Chin was fatally shot on July 23, 2015 a few hours after midnight, after he drove toward sounds of gunfire on Eighth Avenue South and South Weller Street.
Responding to emergencies, warding off danger and offering first aid — and often beating the police to the scene — was routine for Chin, whose only job for decades was keeping a vigilant watch on the neighborhood.

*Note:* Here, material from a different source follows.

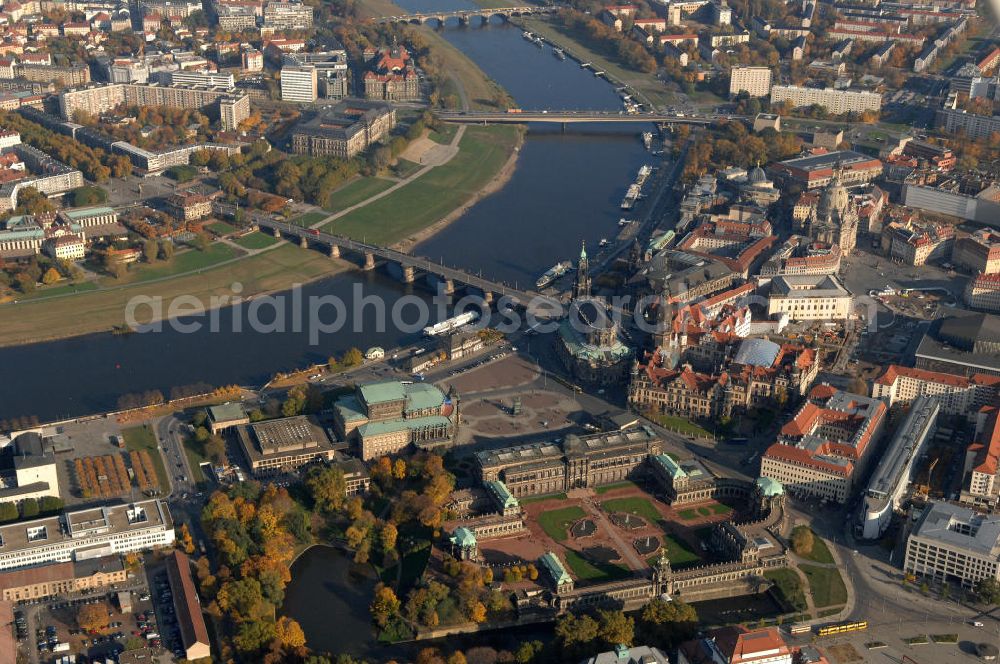 Aerial image Dresden - Blick auf die Altstadt und die Elbwiesen. Zu sehen sind die Dresdener Frauenkirche, der Zwinger und das Dresdener Schloss. Über die Elbe führen die Carolabrücke, die Augustusbrücke und die Marienbrücke. Am gegenüberliegenden Ufer befindet sich Dresden Neustadt.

Jeannette Roden knew she could knew she could call on Chin to respond to emergencies throughout the years she volunteered and worked at the Wing Luke Museum. The International District Emergency Center (IDEC), which Chin founded, was headquartered in Canton Alley a block away. One weekend, Chin had to disarm a man with an ax, and a separate man with a machete. Roden asked him if he was worried for his safety. “He said, ‘No, don’t worry about it. I’d rather it be me than someone else,'” Roden said. “And that was Donnie in a nutshell.”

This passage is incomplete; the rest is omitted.